Problem statement: Print out the entries from the line containing "découvrez notre test" through the last line, exactly, and print nothing else. Pictures are not copied.

Available data:
::::::::
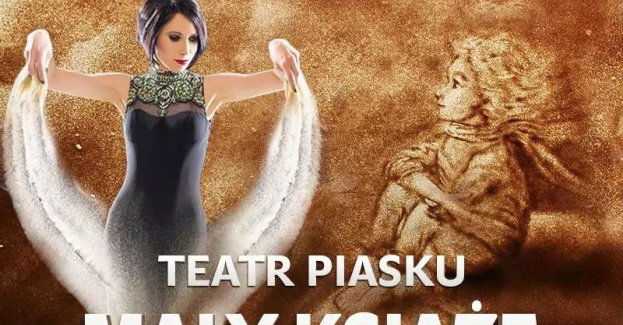 Wyjątkowe wydarzenie, które zachwyca dzieci i dorosłych!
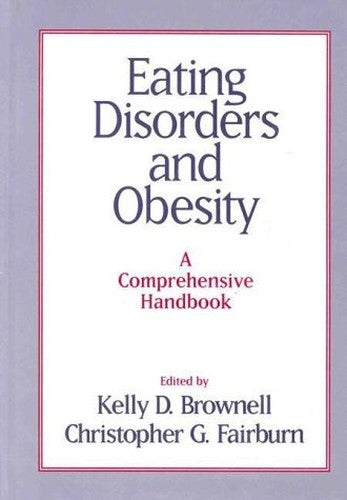Eating Disorders and Obesity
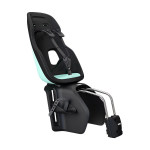 Thule Yepp Nexxt 2 Maxi Frame Mount lapse jalgrattatool | Mint Green
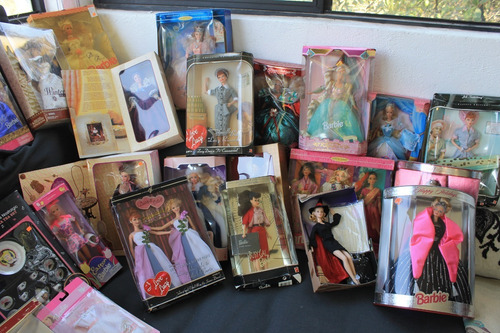 Chris Barbie Tutti 1977 Mattel (Usado)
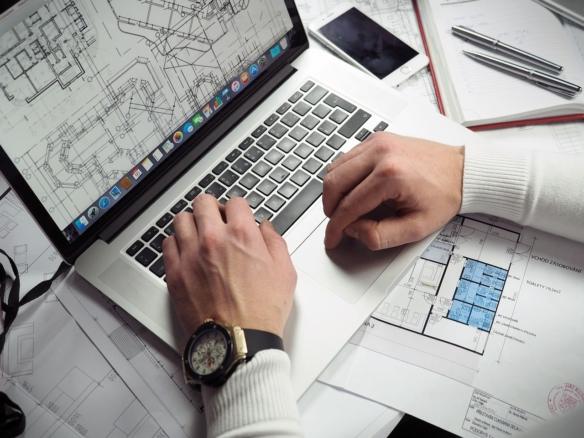 ¿POR QUÉ COMPRAR EN PLANOS?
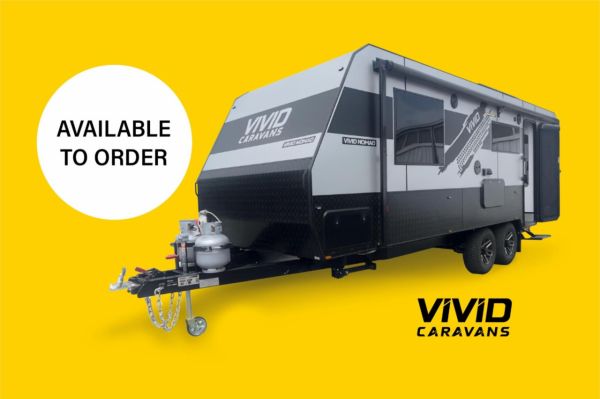 2025 VIVID NOMAD Other image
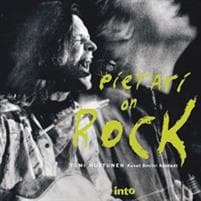 Pietari on rock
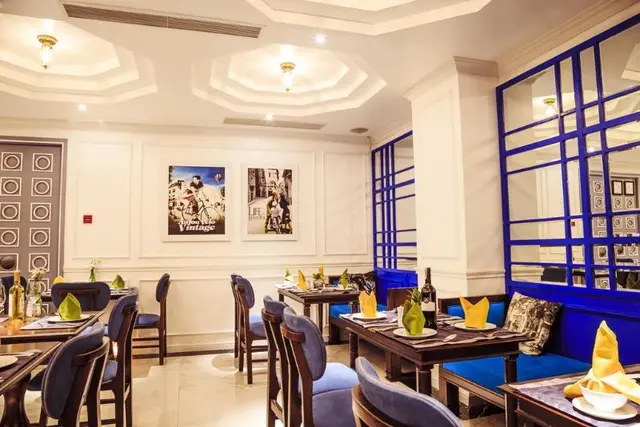 Alagon Central Hotel & Spa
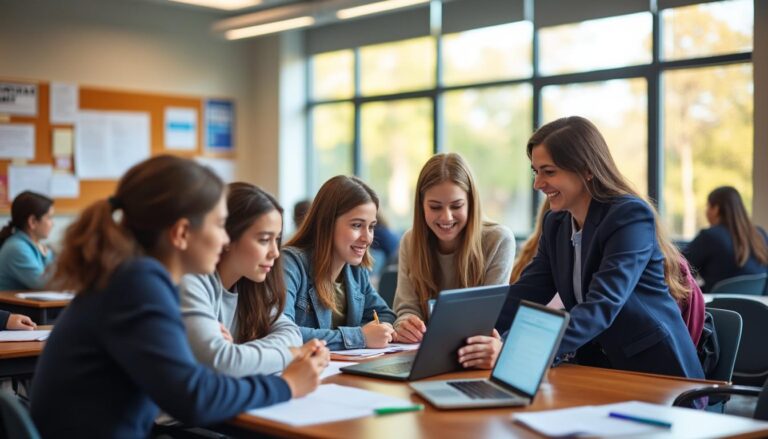 découvrez notre test d'orientation gratuit spécialement conçu pour les collégiens et lycéens avec après l'école. trouvez la voie qui vous correspond et préparez votre avenir dès maintenant !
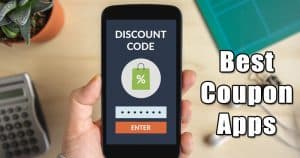10 Best Coupon Apps For Your Android Smartphone in 2020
::::::::
Solution for this task:
 découvrez notre test d'orientation gratuit spécialement conçu pour les collégiens et lycéens avec après l'école. trouvez la voie qui vous correspond et préparez votre avenir dès maintenant !
10 Best Coupon Apps For Your Android Smartphone in 2020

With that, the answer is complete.